Im dritten Abschnitt der Studie bekamen die Teilnehmer*innen erneut nacheinander alle Gegenstände gezeigt. Dabei sollten sie versuchen, sich an die jeweiligen Szenen zu erinnern. Durch die vorherige Aufteilung in zwei Gruppen konnte das Forschungsteam nun prüfen, ob die Erinnerungen in Gruppe der "aktiven Unterdrücker" tatsächlich stärker verblasst waren. Durch die MRT-Aufzeichnungen ließen sich zudem Muster der Hirnaktivität vor und nach dem Unterdrücken miteinander vergleichen.

Verdrängen statt verhungern

Die aktuellen Studienergebnisse korrelieren mit denen einer früheren Studie aus dem Jahr 2007. Hierzu führten Brendan Depue von der Universtity of Colorado gemeinsam mit seinem Team vergleichbare Untersuchungen durch. Im Ergebnis konnte gezeigt werden, "dass Menschen die Fähigkeit haben, spezifische Erinnerungen zu einem bestimmten Zeitpunkt zu unterdrücken, wenn sie dies wiederholt üben." Dazu würden im Gehirn spezifische Areale gewissermaßen ausgeschaltet, um bestimmte Erinnerungen gezielt zu blockieren.

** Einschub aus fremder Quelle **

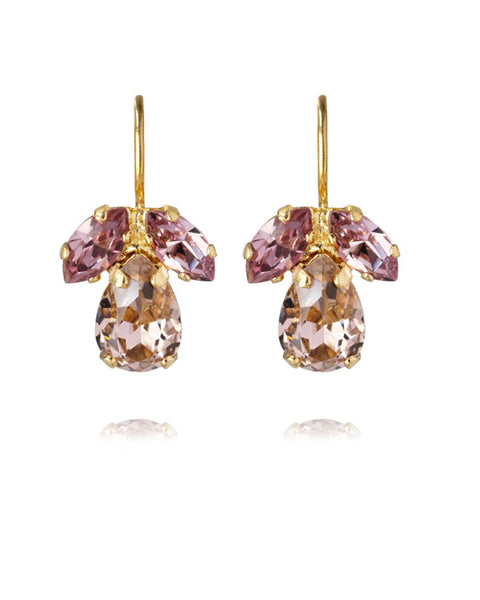 Petite Timo  Earrings - shopatstocks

Die interessante Frage, warum einige Menschen besser vergessen können als andere, sei, laut Roland Benoit vom MPI CBS, bislang nicht ganz geklärt. Jedoch falle es Menschen, die z.B. unter Depressionen oder posttraumatischen Belastungsstörungen leiden, erkennbar schwerer. Folgestudien wollen dieser Frage gezielt nachgehen und herausfinden, ob und wie absichtliches Vergessen zu psychischer Gesundheit beiträgt.

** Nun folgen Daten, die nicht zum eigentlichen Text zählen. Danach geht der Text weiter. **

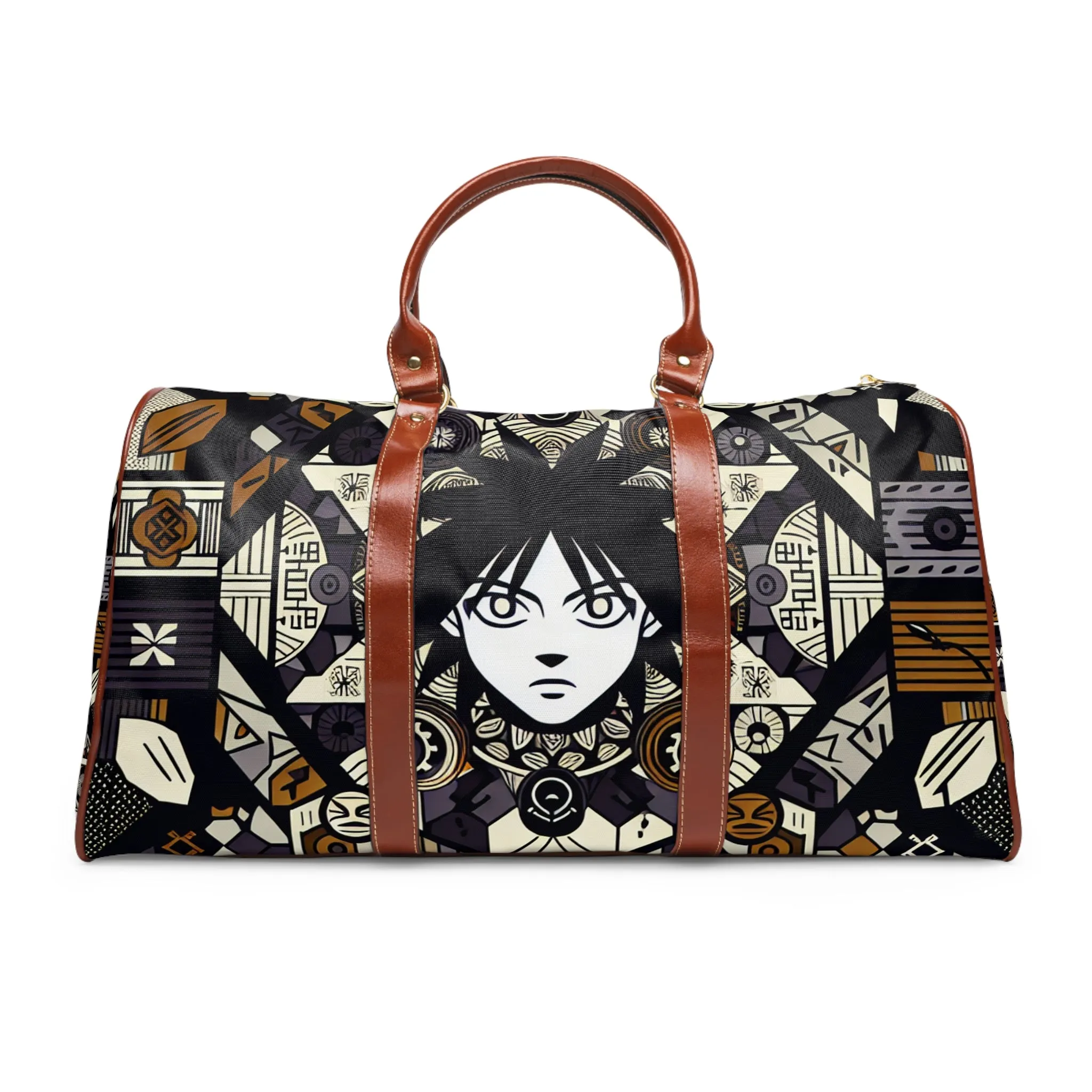 Fleurwood - Waterproof Travel Bag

Übrigens führt Depue eine evolutionäre Theorie ins Feld, aus welchem Grund Menschen die Verdrängung erlernt haben könnten. Wenn ein Steinzeit-Jäger immer daran hätte denken müssen, wieder mal nur knapp dem berühmten Säbelzahntiger entkommen zu sein, hätte dieser unter diesen traumatischen Erlebnissen dermaßen leiden können, dass er die Jagd eingestellt hätte, dann aber verhungert sei. Also besser verdrängen, anstatt zu verhungern.